> _TASK DESCRIPTION_:
Go to the line containing "Przyjaciółki Chinek rozmawiają" below; retype it and all following lines exactly, and leave out the pictures.

> _SUPPLIED INFORMATION_:
┌──
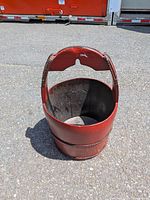 Full view of red wooden bucket with handle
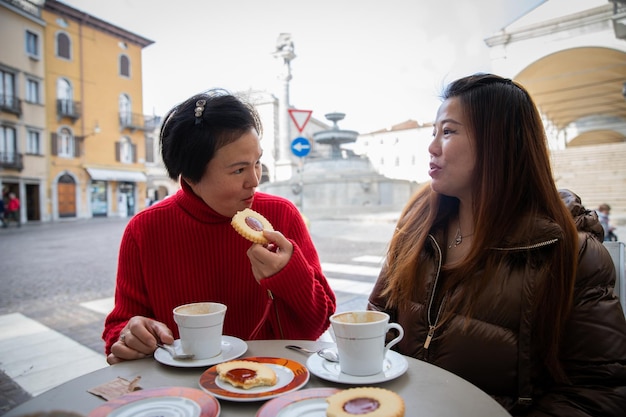 Przyjaciółki Chinek rozmawiają przy śniadaniu cappuccino i ciastkach w kawiarni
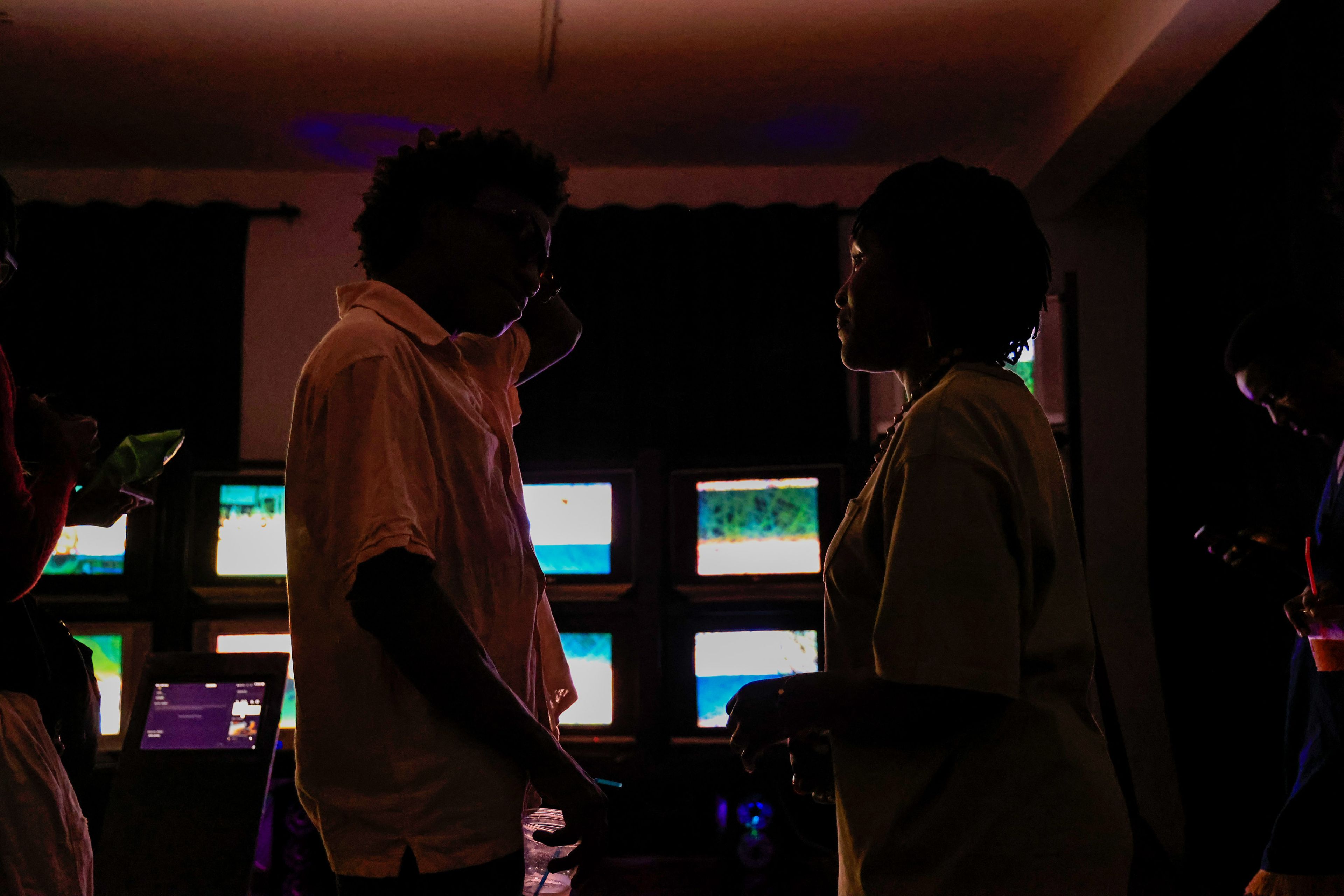 Two people in silhouette stand in a dark room illuminated by several glowing screens.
└──
> _EXERCISE RESULT_:
 Przyjaciółki Chinek rozmawiają przy śniadaniu cappuccino i ciastkach w kawiarni
 Two people in silhouette stand in a dark room illuminated by several glowing screens.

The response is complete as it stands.